HC Deb 22 July 1996 vol 282 cc7-8
6. Mr. Touhig

To ask the Deputy Prime Minister what assessment he has made of the effectiveness of the competitiveness unit in his Department. [36751]

Mr. Willetts

As the recent competitiveness White Paper showed, we are doing well in world growth league tables, and our productivity is improving strongly. The best evidence of our success is our record of attracting inward investment—most recently, the Lucky Goldstar plans to invest £1.7 billion in manufacturing in Newport—the largest single inward investment ever in Europe.

Mr. Touhig

The OECD's latest employment study warned that low pay and the lack of a highly skilled work force are combining to constrain our economic competitiveness.
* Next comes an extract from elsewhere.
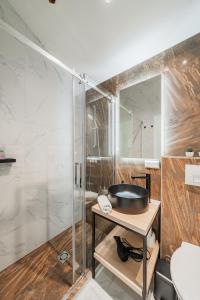 Koupelna v ubytování Zeus Design Apartmenthaus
What are the Government doing about that?

Mr. Willetts

Our competitiveness White Paper shows that we have one of the lowest unemployment rates in Europe. In addition, within the Group of Seven we moved up from the fifth or sixth place on growth rates that we occupied in the sad days of the last Labour Government to third place in the 1980s. If the hon. Gentleman studies the White Paper, he will find the answer to his questions.

Mr. Nigel Evans

Does my hon. Friend agree that low pay is not the problem with Britain, but that no pay, through increased unemployment, would be the problem if we proceeded down the road to ruin with the social chapter, minimum wage and 48-hour directive that would be heaped upon us if the Labour party were elected to power?

Mr. Willetts

The pay of the average production line worker in this country compares very favourably with the pay that the equivalent worker would take home in Germany, France and Spain. The difference is that in Britain we have kept a grip on the extra costs imposed by Government, whereas in Germany, France and Spain, because of the social chapter, the extra costs imposed by Government are much higher. That is why Britain has lower unemployment.

Mr. Caborn

In view of what the Minister said about the OECD and the White Paper—which drew heavily on statistics from the OECD—does he agree with the OECD's statement that there is a link between our declining national competitiveness and the growth in wage inequality and job insecurity?

Mr. Willetts

I do not accept that there has been any decline in national competitiveness. The evidence assembled in successive competitiveness White Papers shows precisely that there has been a clear improvement in our position on growth per head compared with other advanced western countries. Of course, one in three of all those leaving school now go on to higher education, as against one in eight under the last Labour Government, which is significant evidence of how educational standards are improving.